The league’s punishment for the New England Patriots was as follows: 1) the Patriots paid $1.1 million in club fines, 1) they lost a 2021 third-round pick and 3) the Patriots’ TV crews will not be allowed to shoot games during 2020 season. Unlike the first Spygate scandal, the NFL didn’t hit Belichick with any fines, perhaps an indicator he was not linked to the wrongdoing, which stemmed from a Patriots staffer videotaping the Cincinnati Bengals sideline during the 2019 season.
“Obviously had a long investigation on that,” Belichick said Friday on a videoconference call. “Really, we’re just looking ahead. We have a lot of things in front of us here, especially just getting ready for the season and all that. We’ve moved on. We’ll deal with what we have to do in front of us here. Just let everything go into the rearview mirror.”

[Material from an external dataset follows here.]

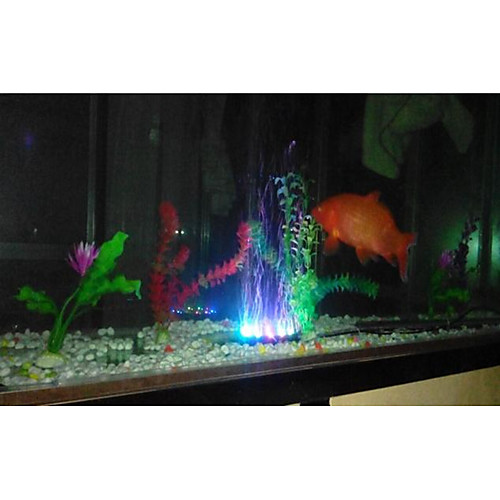 Aquarium Light Aquarium Decoration LED Chip Underwater Lights Fish Tank Light Multi Color Waterproof Other 1.2 W 220 V / #
Aquarium Light Aquarium Decoration LED Chip Underwater Lights Fish Tank Light Multi Color Waterproof Other 1.2 W 220 V / #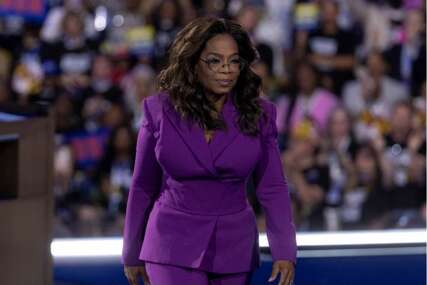 Oprah otvorila privatnu cestu na Mauiju za evakuaciju nakon upozorenja na tsunami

New England admitted to the wrongdoing but said the transgression was inadvertent, with the staffer taking the video for a production for the team’s website. When news of the league’s investigation broke, Belichick made an effort to distance the football organization from any wrongdoing.
“Again, I have no involvement in this or knowledge of it,” he told reporters in December. “I really don’t have any idea what exactly is going on. I can tell you that we’ve never as a coaching staff — I personally have never used any video footage at all, anything that those production people have done other than what’s shown on public television or something like that.
“We don’t have anything to do with what they do, so I really don’t have much knowledge of the situation at all.”
The punishment went practically unnoticed as news broke about the Patriots signing Cam Newton within the same hour of the NFL announcing the punishment. The timing of it all seemed like an intentional effort from New England to redirect the conversation.